FDA WARNING_LETTER - Center for Reproductive Health Joliet IVF LLC - February 03, 2017

The FDA conducted an inspection of Center for Reproductive Health/Joliet IVF LLC from January 18, 2017, to February 3, 2017, documenting deviations from 21 CFR Part 1271 regulations for human cells, tissues, and cellular and tissue-based products (HCT/Ps).

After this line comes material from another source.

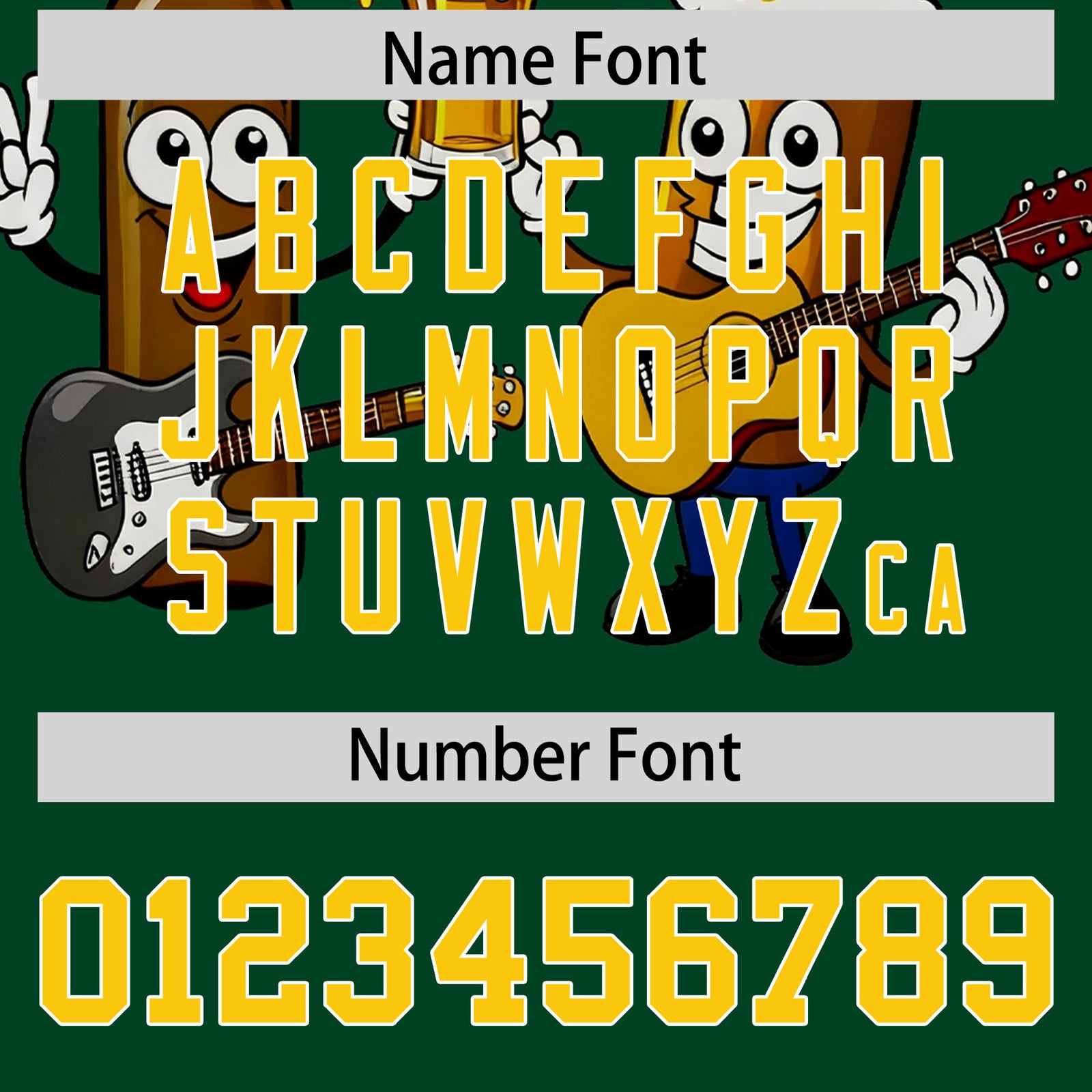 Custom Green Personalized Team Shirts for Parties & Training | KXKSHOP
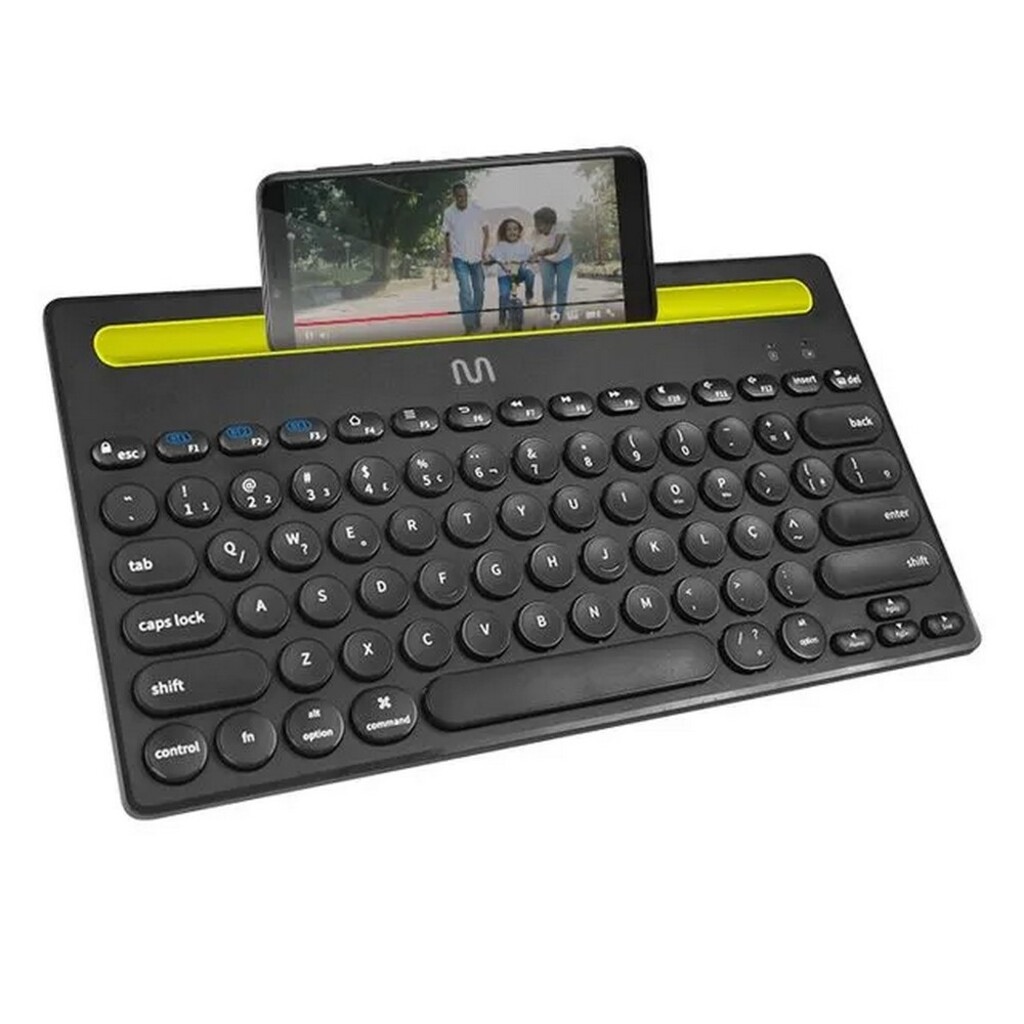 Teclado Bluetooth Multi TS400 Preto compatível com Windows, macOS, Android, iOS e iPadOS - TC284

Key violations include: 1. **Failure to determine donor eligibility based on complete testing results:** Oocyte donor eligibility was determined before receiving communicable disease test results (e.g., donors (b)(4), (b)(4), (b)(4), (b)(4)). 2. **Failure of a responsible person to document donor eligibility:** Donor Eligibility Determination Forms for donors (b)(4) and (b)(4) lacked documentation of eligibility by a responsible person. 3. **Failure to retain accurate, indelible, and legible records:** Records for multiple oocyte donors ((b)(4), (b)(4), (b)(4), (b)(4)) contained multiple or altered dates on physical assessment and medical history forms, preventing accurate identification of screening dates. 4. **Failure to adequately screen donors for communicable disease risks:** The Donor Medical History Interview Form lacked questions for West Nile Virus (WNV) NAT, syphilis treatment within 12 months, proper phrasing for hepatitis B/C exposure, correct deferral period for WNV (120 days vs.